Re: [PATCH v2] mm: emit tracepoint when RSS changes by threshold

linux-mm.kvack.org archive mirror
 help / color / mirror / Atom feed

From: Joel Fernandes <joel@joelfernandes.org>
To: Daniel Colascione <dancol@google.com>
Cc: Steven Rostedt <rostedt@goodmis.org>,
	Suren Baghdasaryan <surenb@google.com>,
	Michal Hocko <mhocko@kernel.org>,
	LKML <linux-kernel@vger.kernel.org>,
	Tim Murray <timmurray@google.com>,
	Carmen Jackson <carmenjackson@google.com>,
	Mayank Gupta <mayankgupta@google.com>,
	Minchan Kim <minchan@kernel.org>,
	Andrew Morton <akpm@linux-foundation.org>,
	kernel-team <kernel-team@android.com>,
	"Aneesh Kumar K.V" <aneesh.kumar@linux.ibm.com>,
	Dan Williams <dan.j.williams@intel.com>,
	Jerome Glisse <jglisse@redhat.com>, linux-mm <linux-mm@kvack.org>,
	Matthew Wilcox <willy@infradead.org>,
	Ralph Campbell <rcampbell@nvidia.com>,
	Vlastimil Babka <vbabka@suse.cz>,
	Tom Zanussi <zanussi@kernel.org>
Subject: Re: [PATCH v2] mm: emit tracepoint when RSS changes by threshold
Date: Thu, 5 Sep 2019 23:01:42 -0400	[thread overview]
Message-ID: <20190906030142.GA29926@google.com> (raw)
In-Reply-To: <CAKOZuevJyfZRFz3M5myLy+XpS=mAxYCf+oQ2csxCHh7VO-OrKw@mail.gmail.com>

On Thu, Sep 05, 2019 at 06:15:43PM -0700, Daniel Colascione wrote:
[snip]
> > > > > > > The bigger improvement with the threshold is the number of trace records are
> > > > > > > almost halved by using a threshold.
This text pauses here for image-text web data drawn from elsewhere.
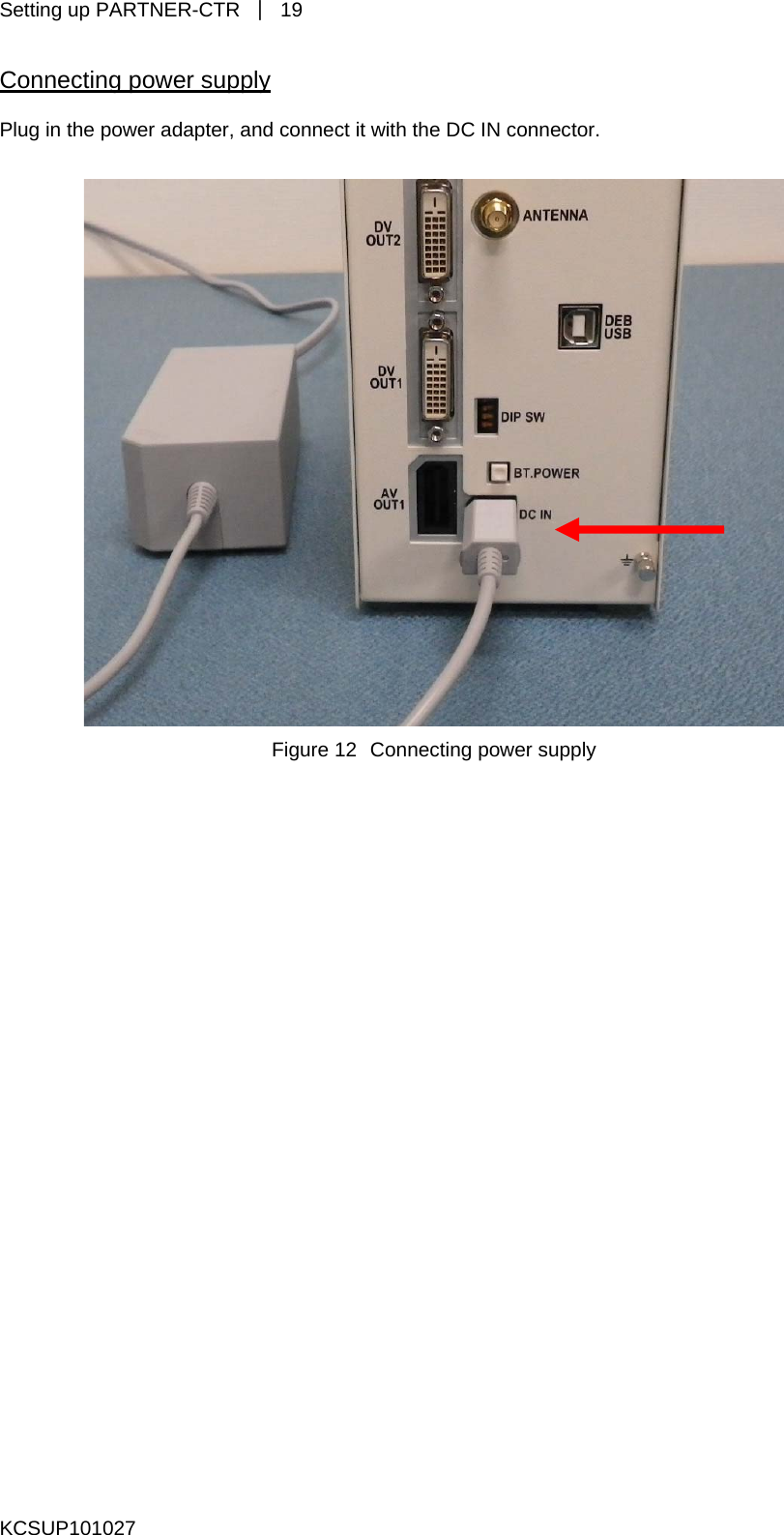 Setting up PARTNER-CTR  ｜ 19 Connecting power supply Plug in the power adapter, and connect it with the DC IN connector.   Figure 12 Connecting power supply  KCSUP101027 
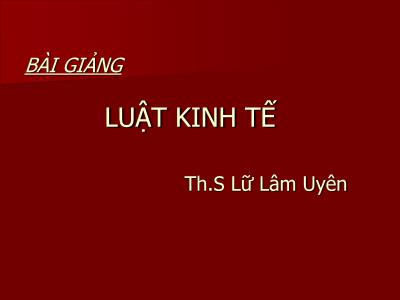 Bài giảng Luật kinh tế - Chương II: Pháp luật về đầu tư - ThS. Trần Hữu Hiệp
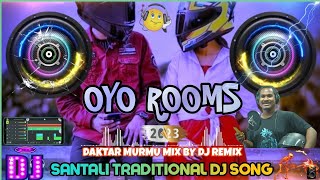 oyo room new santali dj song 2023 😍 oyo room santali dj video 💞 dj daktar murmu dj jbl [upl. by Ailedamla]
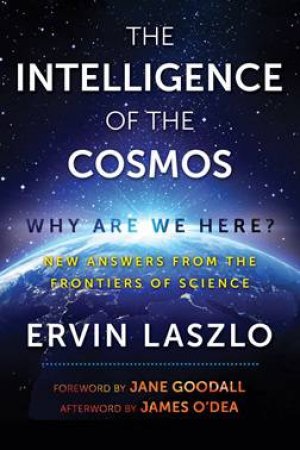 The Intelligence Of The Cosmos by Ervin Laszlo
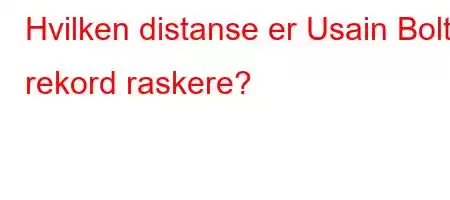 Hvilken distanse er Usain Bolts rekord raskere?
The number of records went from 4.6K to
> > > > > > > 2.6K.
> > > > > >
> > > > > > Steven, would it be feasible to add a generic tracepoint throttling?
> > > > >
> > > > > I might misunderstand this but is the issue here actually throttling
> > > > > of the sheer number of trace records or tracing large enough changes
> > > > > to RSS that user might care about? Small changes happen all the time
> > > > > but we are likely not interested in those. Surely we could postprocess
> > > > > the traces to extract changes large enough to be interesting but why
> > > > > capture uninteresting information in the first place? IOW the
> > > > > throttling here should be based not on the time between traces but on
> > > > > the amount of change of the traced signal. Maybe a generic facility
> > > > > like that would be a good idea?
> > > >
> > > > You mean like add a trigger (or filter) that only traces if a field has
> > > > changed since the last time the trace was hit? Hmm, I think we could
> > > > possibly do that. Perhaps even now with histogram triggers?
> > >
> > > I was thinking along the same lines. The histogram subsystem seems
> > > like a very good fit here. Histogram triggers already let users talk
> > > about specific fields of trace events, aggregate them in configurable
> > > ways, and (importantly, IMHO) create synthetic new trace events that
> > > the kernel emits under configurable conditions.
> >
> > Hmm, I think this tracing feature will be a good idea. But in order not to
> > gate this patch, can we agree on keeping a temporary threshold for this
> > patch? Once such idea is implemented in trace subsystem, then we can remove
> > the temporary filter.
> >
> > As Tim said, we don't want our traces flooded and this is a very useful
> > tracepoint as proven in our internal usage at Android. The threshold filter
> > is just few lines of code.
> 
> I'm not sure the threshold filtering code you've added does the right
> thing: we don't keep state, so if a counter constantly flips between
> one "side" of the TRACE_MM_COUNTER_THRESHOLD and the other, we'll emit
> ftrace events at high frequency. More generally, this filtering
> couples the rate of counter logging to the *value* of the counter ---
> that is, we log ftrace events at different times depending on how much
> memory we happen to have used --- and that's not ideal from a
> predictability POV.
> 
> All things being equal, I'd prefer that we get things upstream as fast
> as possible. But in this case, I'd rather wait for a general-purpose
> filtering facility (whether that facility is based on histogram, eBPF,
> or something else) rather than hardcode one particular fixed filtering
> strategy (which might be suboptimal) for one particular kind of event.
> Is there some special urgency here?
> 
> How about we instead add non-filtered tracepoints for the mm counters?
> These tracepoints will still be free when turned off.
> 
> Having added the basic tracepoints, we can discuss separately how to
> do the rate limiting. Maybe instead of providing direct support for
> the algorithm that I described above, we can just use a BPF program as
> a yes/no predicate for whether to log to ftrace. That'd get us to the
> same place as this patch, but more flexibly, right?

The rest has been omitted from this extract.